In November of this year, I attended the 24th Large Installation System Administration (LISA) Conference in San Jose, CA. LISA is an annual technical conference sponsored by USENIX: the Advanced Computing Systems Association.
On Friday, November 12th, I spoke at a “Guru Is In” session on “Security” where I was able to facilitate a discussion with all levels of system administrators (and an auditor) about compliancy versus security. We had a lively exchange of views and information.
I also had an opportunity to speak with John Arrasjid, a USENIX Director and Principal Architect at VMware. We talked about operating system security, cloud computing, and next year's LISA to be held in Boston, Massachusetts.
I really like LISA and USENIX. For one thing, the atmosphere is engaging but relaxed. Even though it comprises some of the best minds in the industry, there is no pretentiousness but rather a willingness to share ideas and experiences.

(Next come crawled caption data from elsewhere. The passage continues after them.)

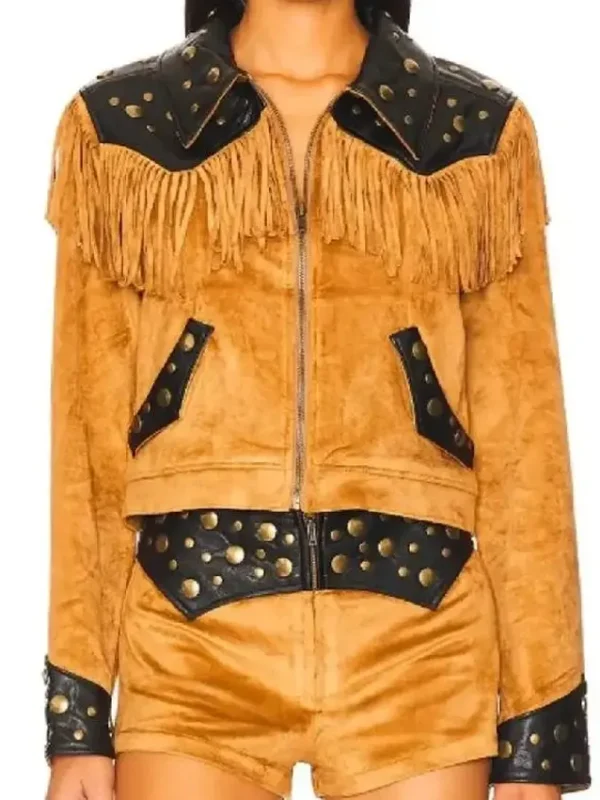 High Potential S02 Morgan Gillory Fringe Jacket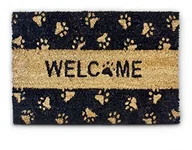 Wycieraczki - Relaxdays Tatze wycieraczka z włókna kokosowego z antypoślizgowym spodem, wymiary 40 × 60 cm, do użytku zewnętrznego i wewnętrznego, kolor czarny 10016750 - miniaturka - grafika 1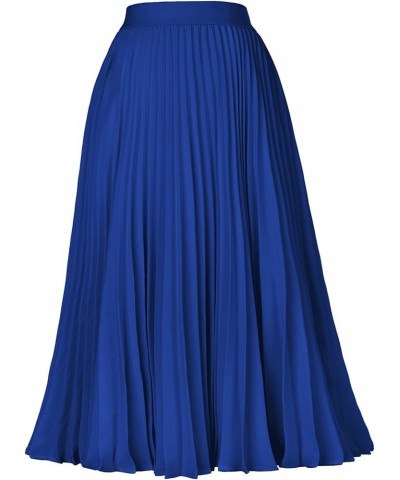 Women's High Waist Pleated A-Line Swing Skirt KK659 Dark Blue $18.45 Skirts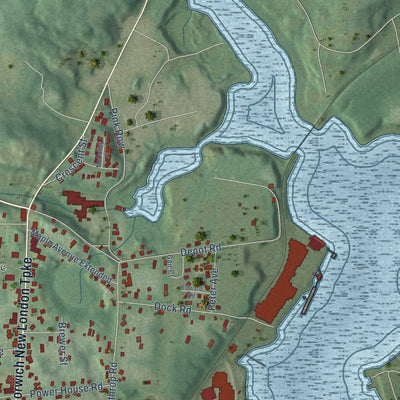 Close-up of the map of Oxoboxo River, Connecticut print showing street and building detail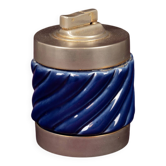 Tommaso Barbi Blue Glazed Ceramic and Brass-Toned Metal Table Lighter, 1970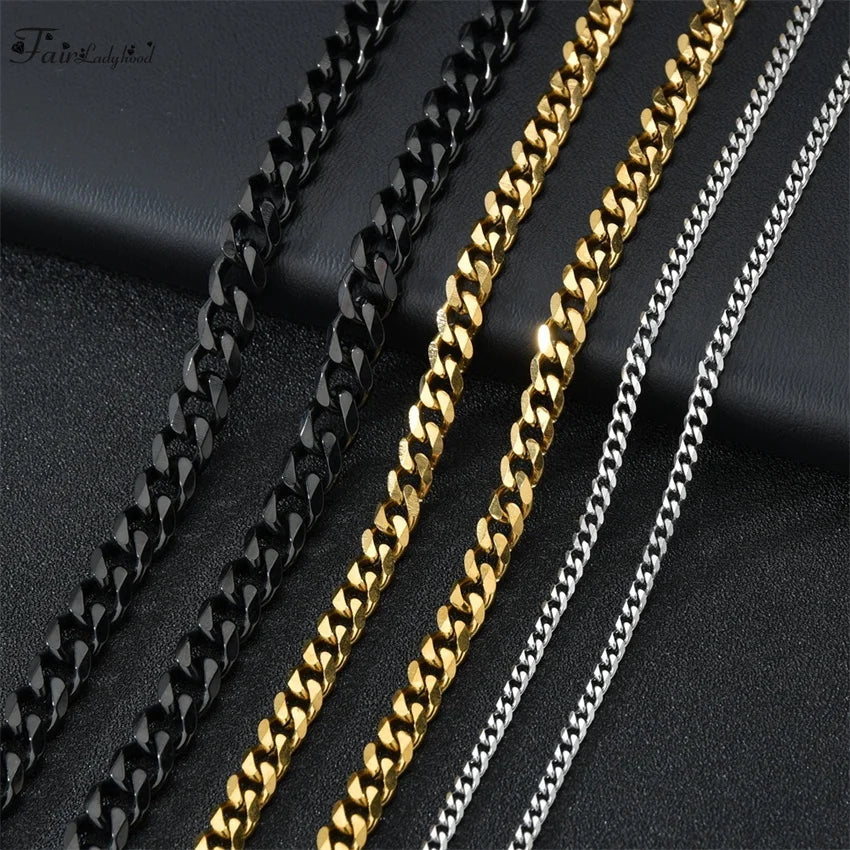 1 piece Size 3.6mm-9mm Men's Necklace Stainless Steel Cuban Link Chain Bracelet Necklace Steel Color Male Jewelry Pi-Mart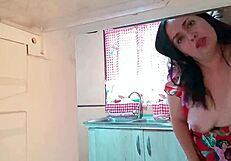 Stepmom bent over kitchen fridge surprise rough fat ass pounding domination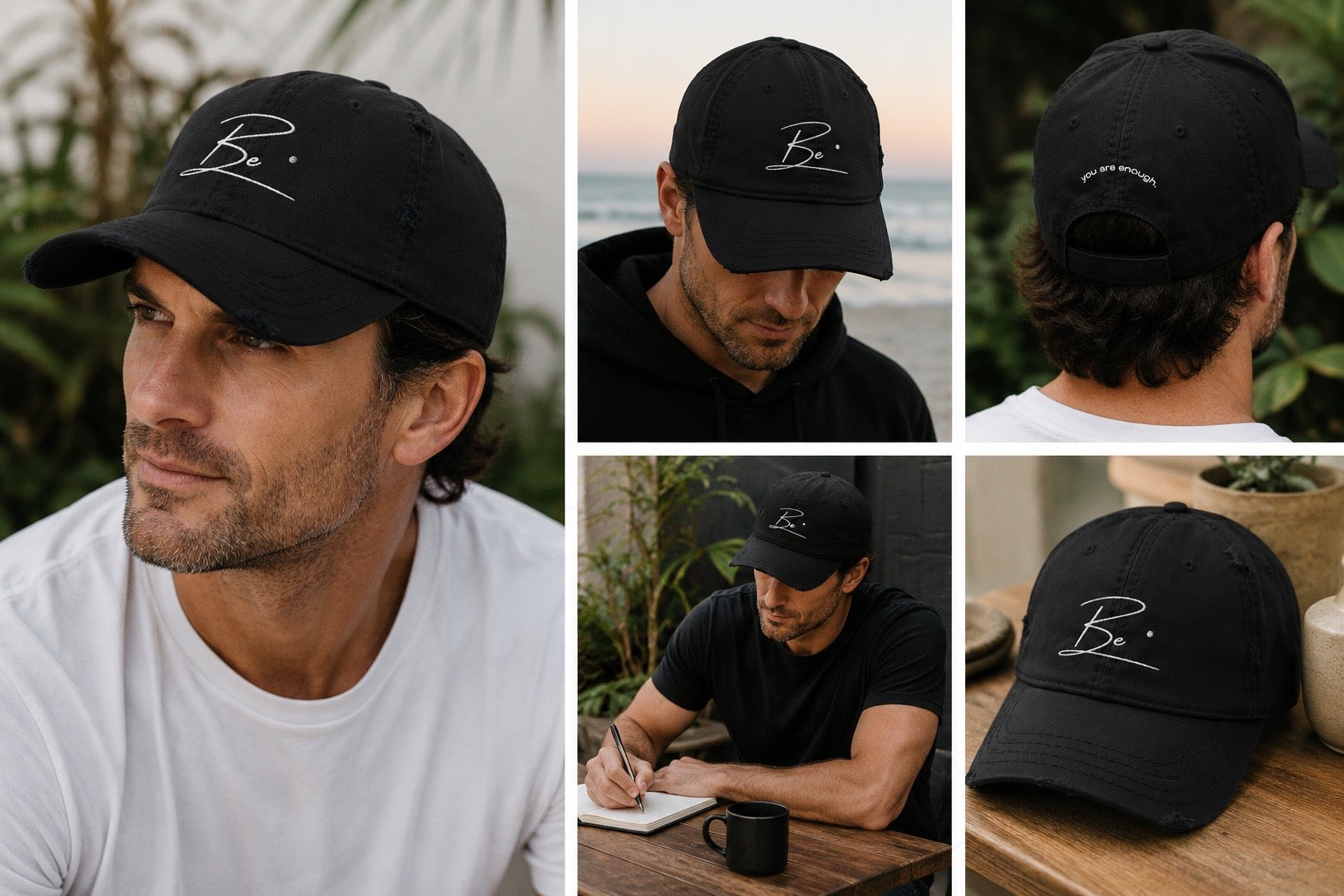 Be. you are enough. Distressed Baseball Hat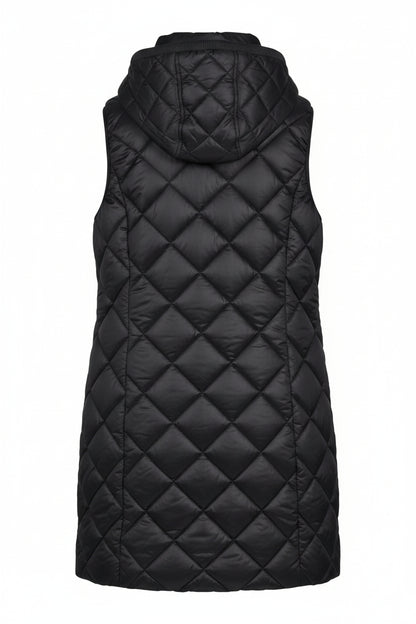 Long Diamond Quilted Hooded Vest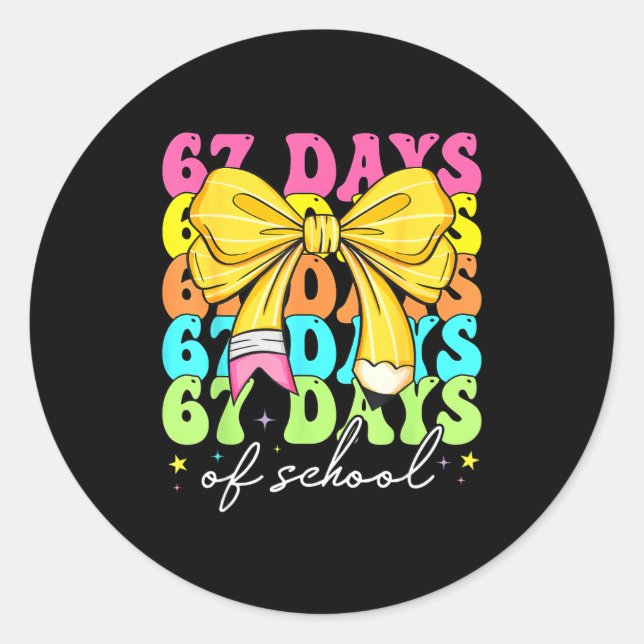 Pegatina Redonda 67 Days Of School Pencil Coquette Bow 67th Day Of  (Anverso)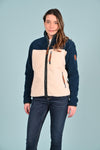 Blaise Full-Zip Sherpa Jacket Ivory Real Teal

Outsiders would probably consider this eclectic blend of personalities and skill sets as strange whereas, the rest of us just consider it a comfortable environment which fosters an exchange of ideas.

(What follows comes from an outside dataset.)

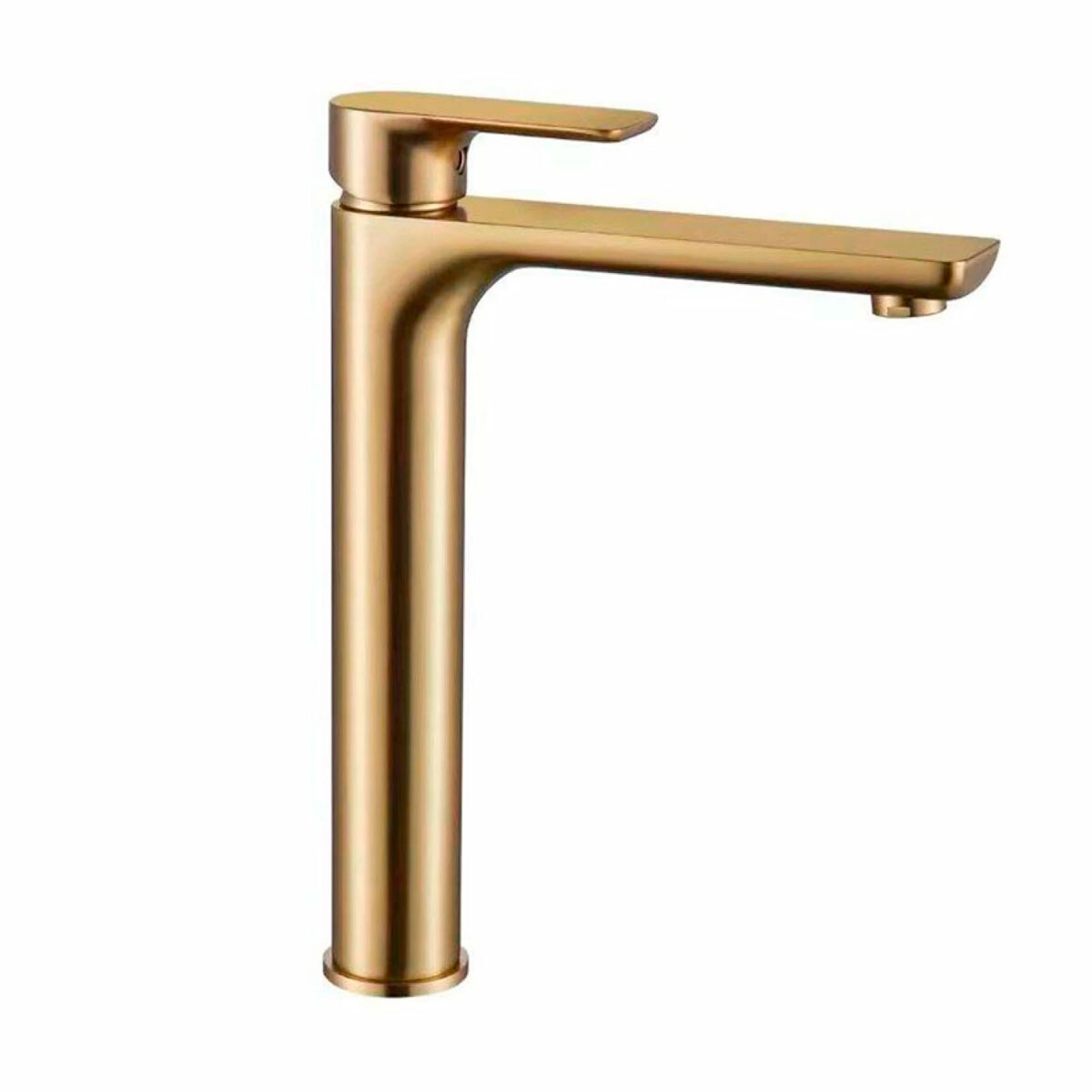 Griferia Para Lavatorio Alto Monocomando Oro Burshed Mate Incl Valvula Popup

There is no doubt that cloud computing is a hot topic these days. As an engineer, most of my career has been focused on operating systems and related security.
I find it interesting that some people tend to forget the operating system security fundamentals when it comes to cloud computing, hardware virtualization, and software virtualization.

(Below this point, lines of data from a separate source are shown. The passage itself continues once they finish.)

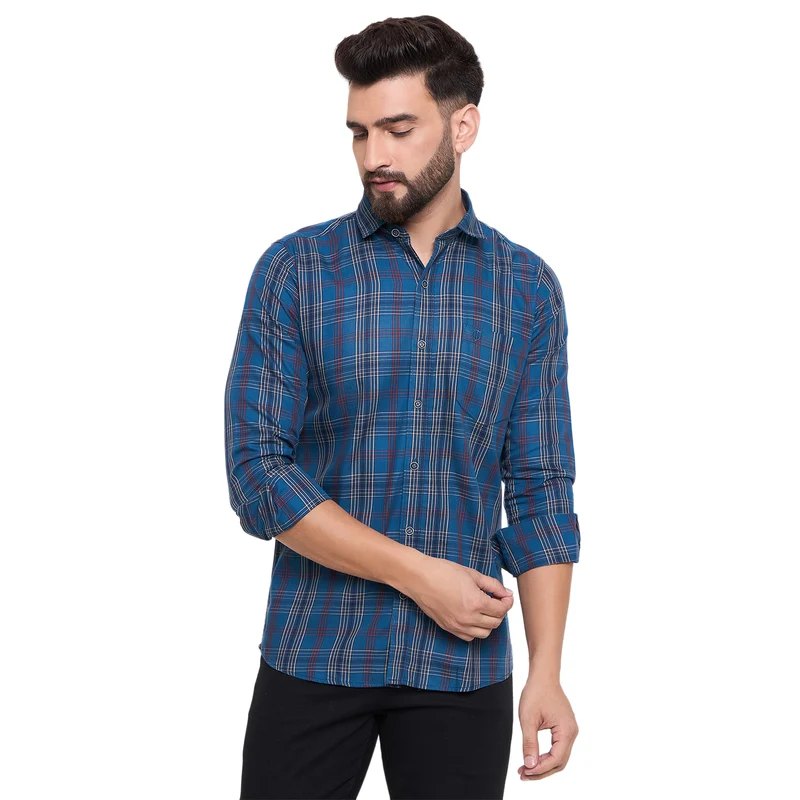 Duke Urban Men Full Sleeve Cotton Shirt (SDO8CKQ) Air Force / XXL / Checkered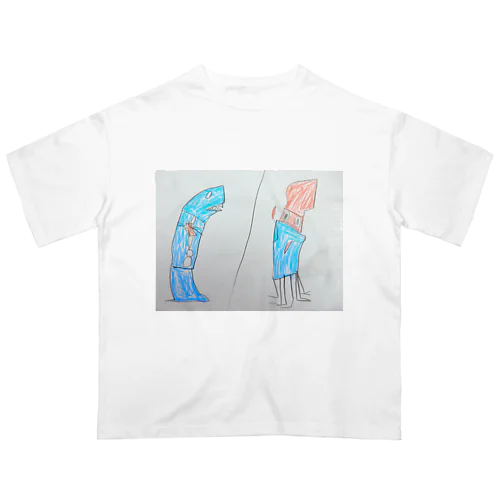 イカくんとマッコウくん〈ダイオウイカ・マッコウクジラ〉 Oversized T-Shirt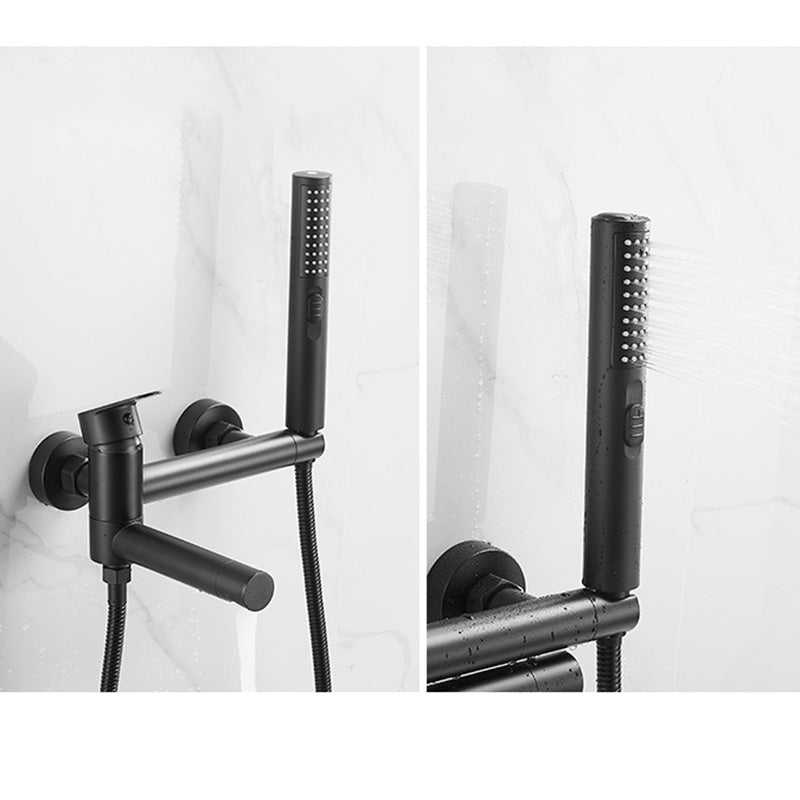 Lisslune | Modern Bath Rim Piece Single Handle Wall Mounted Bathtub Faucet with Hand Shower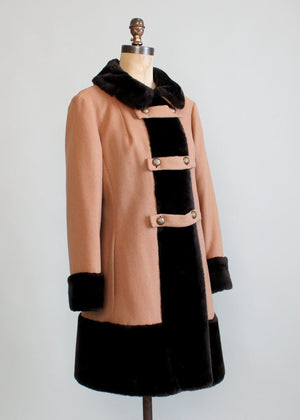 Vintage 1960s MOD Wool and Faux Fur Winter Coat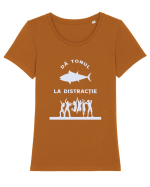 Dă Tonul la Distracție - white Tricou mânecă scurtă guler larg fitted Damă Expresser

In the end, it is still an operating system. A SUSE® Linux® instance running under an IBM® Integrated Facility for Linux (IFL) on System z® mainframe deserves the same consideration when it comes to operating system security.
Unused services should and must still be disabled, discretionary access controls tightened, and regular software updates applied. The same holds true when it comes to operating system images deployed in the cloud.
Given today's operational tempo, many organizations tend to quickly provision new operating system instances and virtual machines in order to handle increasing workloads.
When storage technology was growing at an exponential rate, some system administrators would frivolously allocate huge amounts of space as if there was a bottomless pit of resources.
By limiting the ports, services, and installed software on a virtual machine an image will ultimately conserve resources and reduce the attack surface.
Another side effect of rapidly provisioning new operating system images is a varying security state. Consider a standard image which may get deployed over and over.
This image has been “locked down” in accordance with some set of security guidelines. However, if the security guidelines or requirements change, how do organizations consistently reconfigure previously deployed images with the new standards?
One situation I've seen quite often is when an administrator would clone or snapshot an image. Then they apply new security settings to the image.
However, when a failure occurs they restore the image to a previous snapshot which does not include the recently applied security settings.
Technology facilitates today's operational pace however, without disciplined administrators willing to clearly document activities this situation can quickly get a out of control.
It is imperative that processes not be burdensome in order for the administrator to keep up the pace but still clearly understand their current security posture.
Of course, the right automated tools can be a great resource provided they are non-intrusive, easy to use, and perform consistently and reliably.